··· DATASET EXTRACT ···

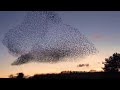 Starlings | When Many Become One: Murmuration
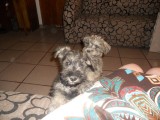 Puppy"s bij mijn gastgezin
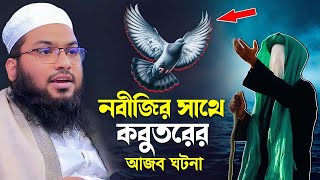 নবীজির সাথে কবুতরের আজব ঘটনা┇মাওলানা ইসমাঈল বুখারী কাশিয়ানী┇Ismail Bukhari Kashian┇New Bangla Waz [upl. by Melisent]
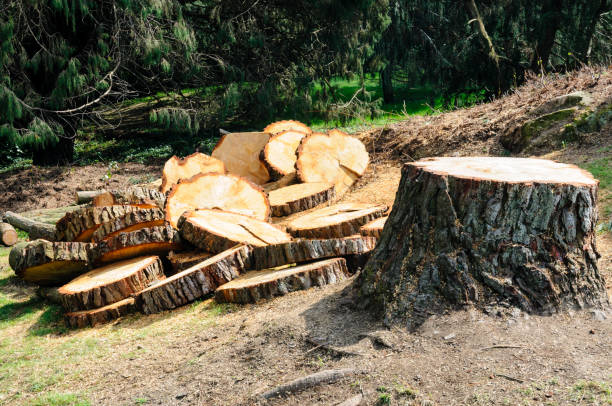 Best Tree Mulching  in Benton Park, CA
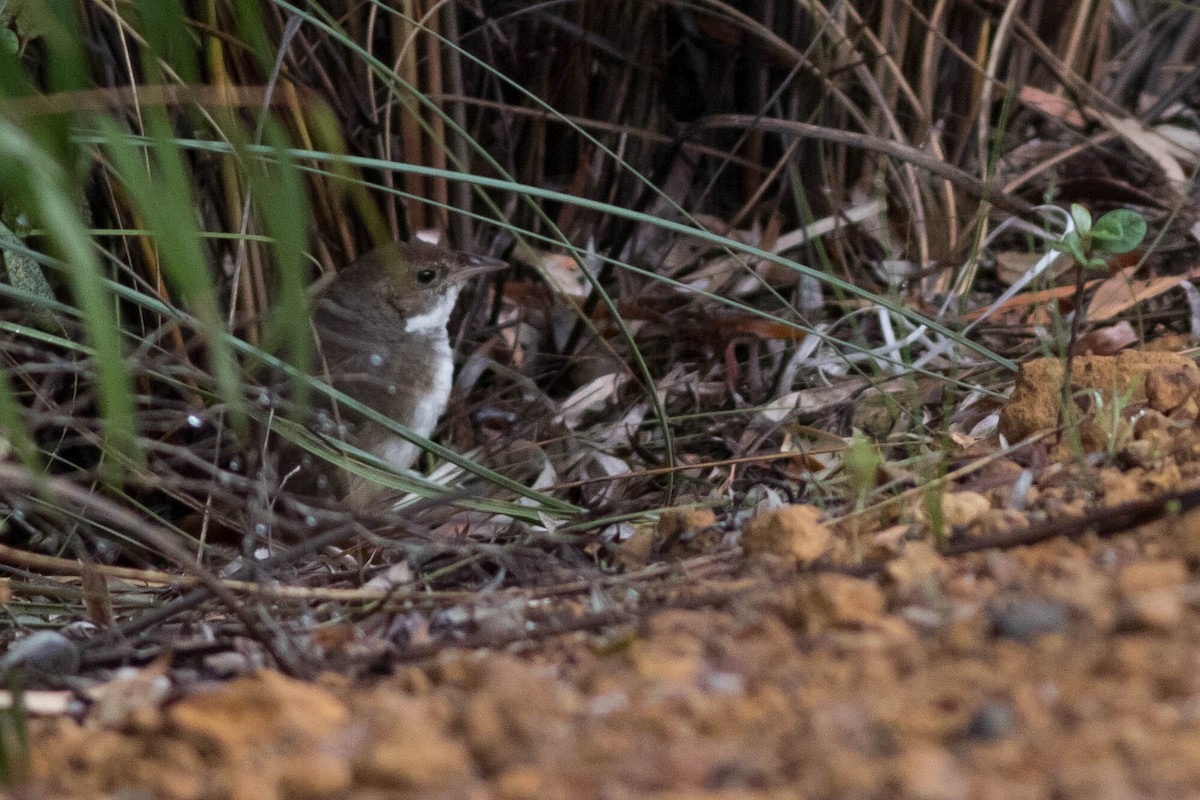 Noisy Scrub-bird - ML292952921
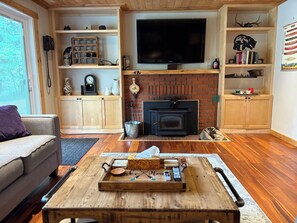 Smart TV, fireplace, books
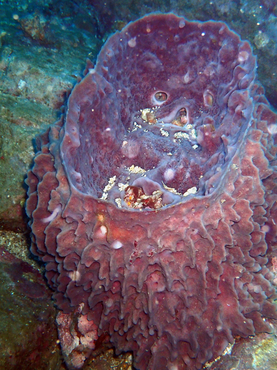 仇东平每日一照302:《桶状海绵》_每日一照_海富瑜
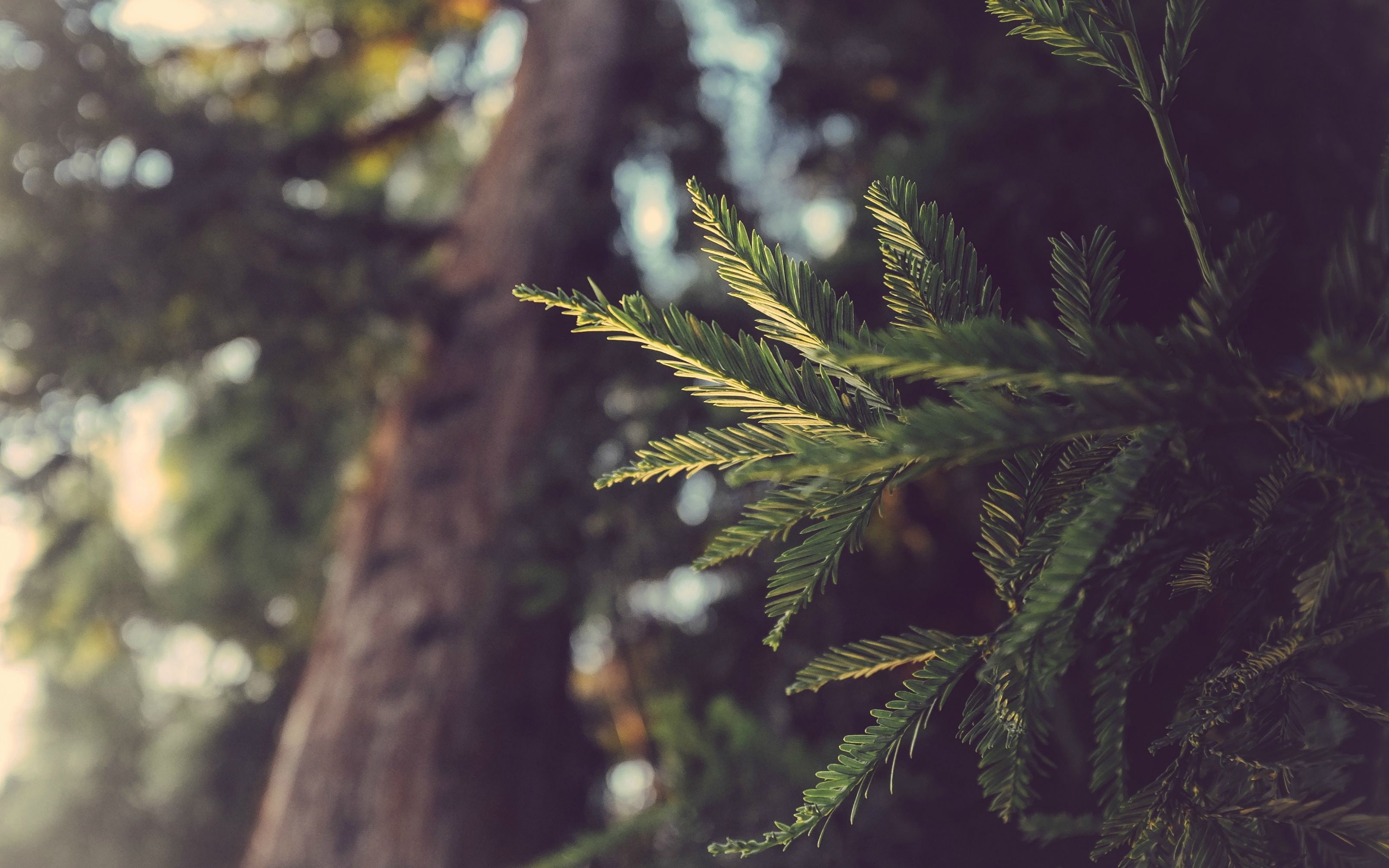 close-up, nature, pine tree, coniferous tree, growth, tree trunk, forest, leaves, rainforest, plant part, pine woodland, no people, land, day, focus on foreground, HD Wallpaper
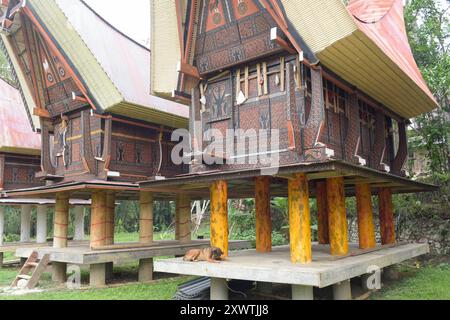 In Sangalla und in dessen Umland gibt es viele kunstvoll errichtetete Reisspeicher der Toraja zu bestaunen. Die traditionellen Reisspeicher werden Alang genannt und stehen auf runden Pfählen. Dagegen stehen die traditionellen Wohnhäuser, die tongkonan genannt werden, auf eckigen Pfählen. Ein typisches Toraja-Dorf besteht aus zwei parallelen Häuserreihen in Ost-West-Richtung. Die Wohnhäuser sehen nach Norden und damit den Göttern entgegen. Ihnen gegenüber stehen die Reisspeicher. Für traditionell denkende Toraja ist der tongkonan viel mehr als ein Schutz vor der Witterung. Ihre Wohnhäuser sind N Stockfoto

···

* ASSIGNED TASK
Look through the material above. Transcribe exactly the lines between the ones with "仇东平每日一照302:《桶状海绵》_每日一照_海富瑜" and "close-up, nature, pine", inclusive, and keep pictures out.

* RESULT
 仇东平每日一照302:《桶状海绵》_每日一照_海富瑜
 close-up, nature, pine tree, coniferous tree, growth, tree trunk, forest, leaves, rainforest, plant part, pine woodland, no people, land, day, focus on foreground, HD Wallpaper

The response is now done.